SOLOPOS.COM - Wakil Ketua KPK Basaria Panjaitan bersama penyidik KPK menunjukkan barang bukti hasil operasi tangkap tangan KPK di Kementerian Perhubungan, di gedung KPK, Jakarta, Kamis (24/8/2017). (JIBI/Solopos/Antara/Hafidz Mubarak A)

KPK menetapkan Dirjen Perhubungan Laut Kemenhub sebagai tersangka kasus suap proyek di direktorat yang dipimpinya.

Solopos.com, JAKARTA — Komisi Pemberantasan Korupsi (KPK) menetapkan dua tersangka dugaan suap terkait perizinan dan pengadaan proyek-proyek di Direktorat Jenderal (Ditjen) Perhubungan Laut Kementerian Perhubungan Tahun Anggaran 2016-2017.

Promosi Jalur Mudik Pantura Jawa Makin Adem Berkat Trembesi

“Setelah pemeriksaan awal yang dilanjutkan gelar perkara, disimpulkan adanya dugaan tindak pidana korupsi penerimaan hadiah atau janji terkait perizinan dan pengadaan proyek-proyek barang dan jasa di lingkungan Ditjen Perhubungan Laut Tahun Anggaran 2016-2017 yang diduga dilakukan oleh Dirjen Perhubungan Laut ATB [Antonius Tonny Budiono],” kata Wakil Ketua KPK Basaria Panjaitan saat konferensi pers di gedung KPK, Jakarta, Kamis (24/8/2017).

KPK meningkatkan status penanganan perkara ke penyidikan sejalan dengan penetapan dua orang tersangka, yaitu Antonius dan Komisaris PT Adhi Guna Keruktama (AGK), Adiputra Kurniawan (APK).

Lebih lanjut, Basaria menyatakan dari kegiatan operasi tangkap tangan yang dilakukan pada 23-24 Agustus 2017, KPK mengamankan sejumlah uang dan kartu Anjungan Tunai Mandiri (ATM). Pertama, empat kartu ATM dari tiga bank penerbit yang berbeda dalam penguasaan ATB.

Kedua, 33 tas berisi uang dalam pecahan mata uang rupiah, dolar AS, poundsterling, euro, ringgit, senilai total Rp18,9 miliar tunai dan dalam rekening Bank Mandiri terdapat sisa saldo Rp1,174 miliar. “Sehingga total uang yang ditemukan di Mess Perwira Dirjen Hubla adalah sekitar Rp20 miliar,” kata Basaria.

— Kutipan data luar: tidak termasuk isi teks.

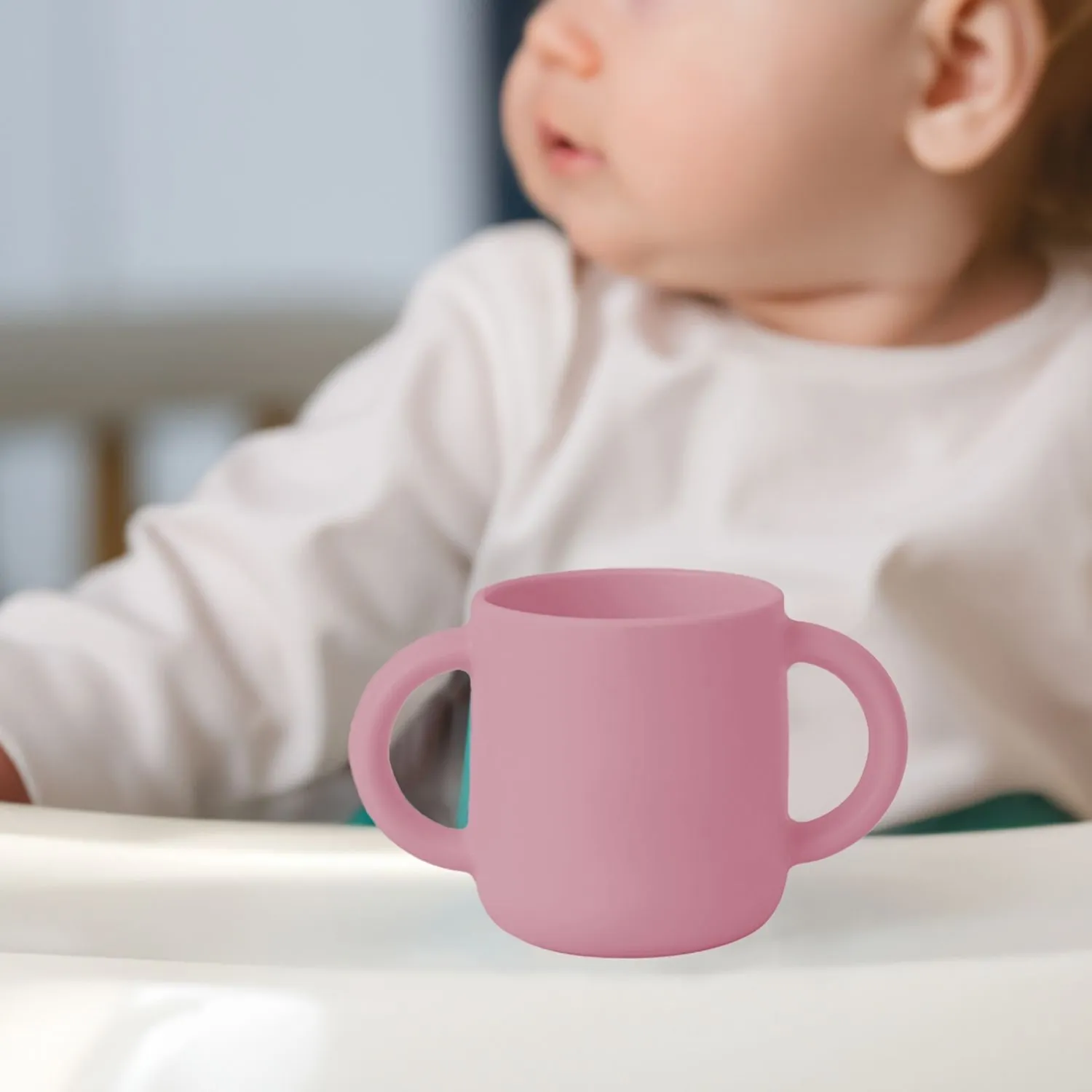 BM Care Kulplu Mini Bardak Pembe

Diduga, kata Basaria, pemberian uang oleh APK kepada ATB terkait dengan pekerjaan pengerukan Pelabuhan Tanjung Mas Semarang. Menurut Basaria, KPK mengungkap modus yang relatif baru dalam operasi tangkap tangan kali ini. Modus itu adalah penyerahan uang dilakukan dalam bentuk ATM.

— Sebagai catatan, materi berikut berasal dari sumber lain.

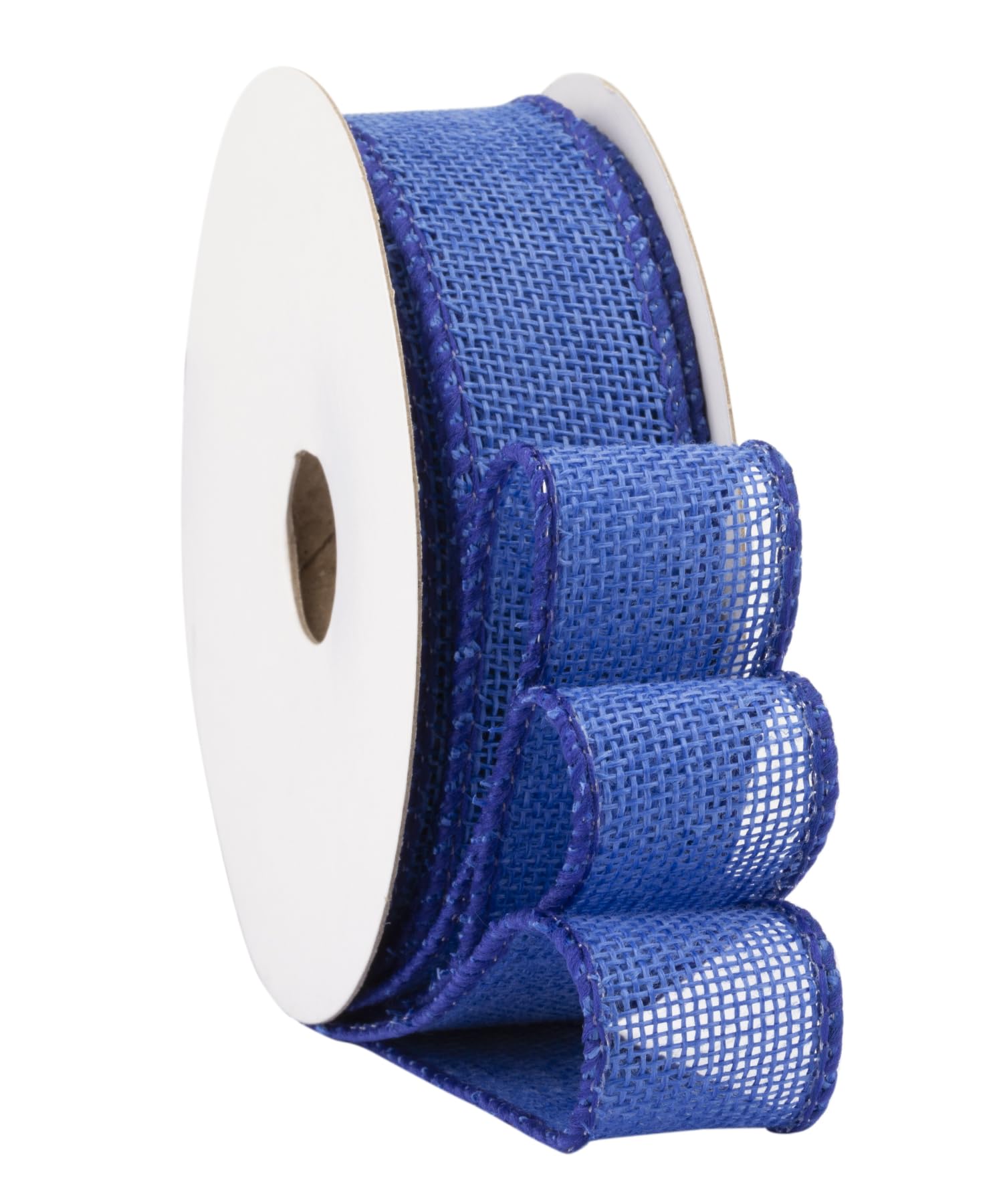 Fondersy 9-Meter Royal Burlap Ribbon Wired Burlap Ribbon - 25mm Width for Gift Wrapping, Floral Arrangements, Wreath Making, and Christmas Decor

“Rekening dibuka oleh pemberi menggunakan nama pihak lain atau diduga fiktif selanjutnya pemberi menyerahkan ATM pada pihak penerima. Kemudian pemberi menyetorkan sejumlah uang pada rekening tersebut karena bertahap dan penerima menggunakan ATM dalam berbagai transaksi,” ucap Basaria.

Sebagai pihak yang diduga pemberi, APK disangkakan pasal 5 ayat 1 huruf atau huruf b atau pasal 13 UU No. 31/1999 sebagaimana telah diubah dengan UU No. 20/2001 tentang Pemberantasan Tindak Pidana Korupsi jo pasal 55 ayat-1 ke-1 KUHP.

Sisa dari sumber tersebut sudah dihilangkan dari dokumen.